As area theater groups evaluate their policies after several young women claimed they experienced everything from unwanted groping to statutory rape while performing at area theaters, Easy Street co-founder Todd Hancock said adult and parental supervision is key.

“People looking to take advantage of anyone, adults or young people, they like the dark,” Hancock said. “They like to do that when no one’s looking, thinking they can get away with it. That’s why we always try to be completely transparent. We have parents watch rehearsals. We have adults help us in the rehearsal process and when the show is running.”

Until the final week or so before show opening when everything is put together, children rehearse with children, dancers rehearse with dancers and adults generally rehearse with adults. Age-appropriate casting is practiced, and when older teens are cast with adult dancers for some numbers, Hancock said he will consult with the parents to make sure they are comfortable with the costumes their children will be wearing.

“They don’t even try it on until the parent looks at it,” he said.

The policies weren’t put in place in the mid ’90s to protect minors from sexual predators. Many were designed primarily to make rehearsals and performances run smoothly.

“But over the years, it’s proven to be the safest way to do things,” he said.

Grace Offerdahl is one of the women who shared her story online and with this newspaper, alleging she was sexually abused by an adult she met in theater when she was between the ages of 13 and 16. One theater where she never had a problem was Youngstown’s Rust Belt Theater Company, which she referred to as her “safe space.”

Rust Belt founder Robert Dennick Joki said it always has an organizational meeting before the first rehearsal, explaining what is expected of everyone involved.

“One of the things we talk about is having a zero-tolerance policy for any kind of predatory behavior,” he said. “I want to make sure everyone is comfortable coming to me with any kind of concern. At the earliest inkling, we can squash it. And if it’s just a misunderstanding, we can take care of that, too.”

Rust Belt is known for doing some risque material. Generally, the company doesn’t cast minors in those shows. If Joki is approached by a parent whose child wants to appear in “Living Dead: The Musical” or one of its other original shows, “I make sure they know what to expect, and we take extra precautions with the dressing room. … You have to have an open line of communication.”

Since the personal tales started appearing earlier this month, some theaters already have implemented changes.

John Cox, president of the Youngstown Playhouse board, said Tuesday, “Whatever needs to be done to break the cycle, we should do,” and the following day the Playhouse announced several additions to existing policies.

Youngstown’s Hopewell Theatre did not respond to a request for an interview, but the theater posted on its Facebook page a statement that included, “We at Hopewell have failed to address the wrongly permissive culture that puts young people, particularly but not exclusively girls and young women, in uncomfortable and potentially damaging situations, on stage and off. We acknowledge and regret that people have been hurt at Hopewell Theatre because of that laxness. That is completely unacceptable, and it will change starting now.”

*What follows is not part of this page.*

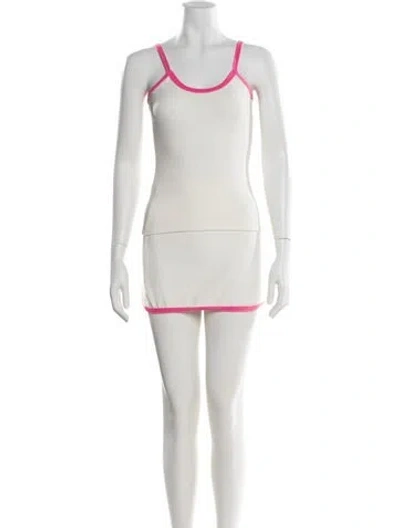 Pre-owned Frankies Bikinis Striped Skirt Set In White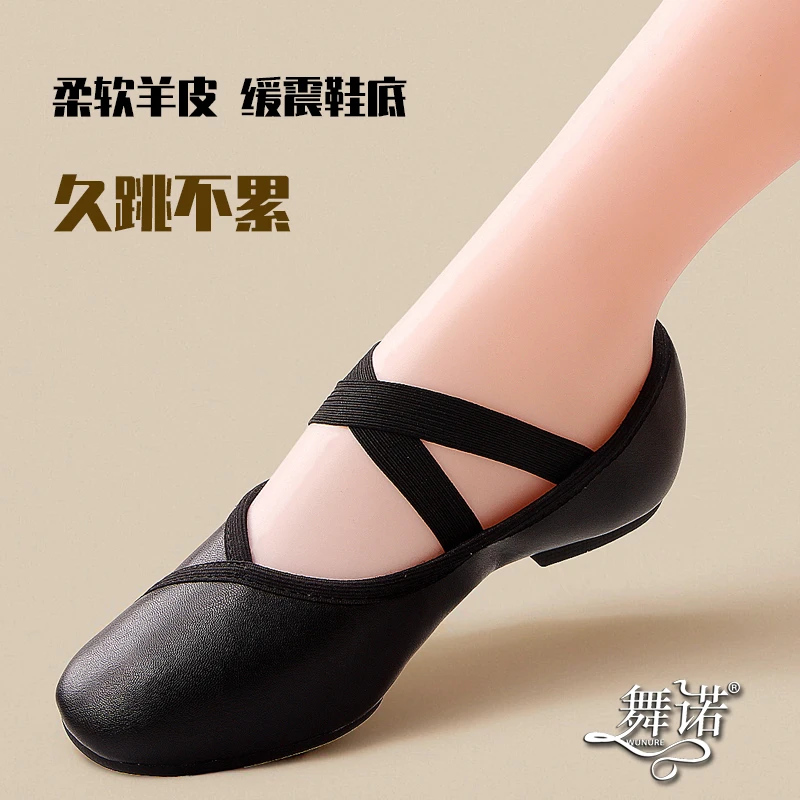 舞诺软羊皮跳舞鞋女成人低跟软底真皮教师鞋古典民族广场舞蹈鞋黑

Hopewell said it plans to adopt policies guided by the Chicago Theatre Standards Project, a 33-page document that addresses such issues as harassment, discrimination and bullying.

Lisa Bennett, treasurer of the Trumbull New Theatre board and a frequent director at the Niles theater, said it will address the issue at Monday’s board meeting.

“I don’t know that we’ve ever had a problem on that level (reported elsewhere),” she said. “When things have come up, we jumped on them right away and dealt with them. … I expect us to police our own. In my heart, that’s truly what I expect from the theater. I grew up in theater. I expect it to be a safe space.”

One thing Bennett and others would like to see come from this is that the different community theaters share information with each other.

“If someone screws up at one theater, they shouldn’t be able to come to TNT and audition,” Bennett said. “If there are problems, I need to know.”

Right now that information isn’t shared.

“Easy Street is kind of in a bubble,” Hancock said. “So often we’ve worked with the same leading people. Don’t always assume rumors about one person are floating to other theater companies. … I’ve seen people say guys keep getting cast even though they have a reputation. I hope that isn’t true. Speaking as director at Easy Street, no one is that talented. I don’t need anyone that bad. Bottom line, the most important thing is the safety of the cast.”